My search two years ago was very similar to yours and I wound up with the Haro Mary SS.

The Redline/Haro decision was very close and it was a matter of a component or two and a deal I could not refuse on a demo Haro that finalized my decision.

Component-wise I opted for the Haro because I really wanted the On One Mary bars and the 18" frame came with 180mm cranks. The EBB has not given me an ounce of trouble in all the miles I have ridden in the past two years.

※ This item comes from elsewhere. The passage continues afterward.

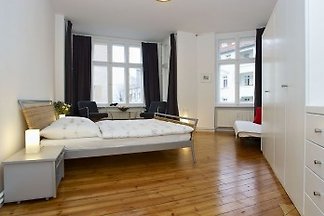 Ferienwohnung Mitte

As of now the bike has several parts changes including BB7 brakes, an On One carbon fork, Surly 18T cog, XT skewers, and Rampage/Nanoraptor tires front and rear.


----------



## sinac84 (Nov 8, 2007)

I just got a Haro Mary SS and I love it as well. I have a Cannondale F29 Two for when I want suspension and gears. All of my buddies ride a Haro Mary and I know why now. I love my Cannondale but after my first ride on my Haro I thought to myself its gonna be hard deciding which bike to take out each day. My Haro is stock as of now and is my first SS rigid. Upgrades are coming (Avid Elixir R breakset, Origin 8 fork, ghetto tubeless with the stock tires, and a carbon handlebar). After those upgrades up front, I'll only replace components if they break. HARO MARY SS, buy it!!


----------



## oldstumpy (Jun 12, 2007)

My XXIX (2007) has been great. No EBB problems, BB5s are fine. The paint chips easily, and I finally destroyed the stock headset. Oh, stock seatpost was definitely too short on my medium frame.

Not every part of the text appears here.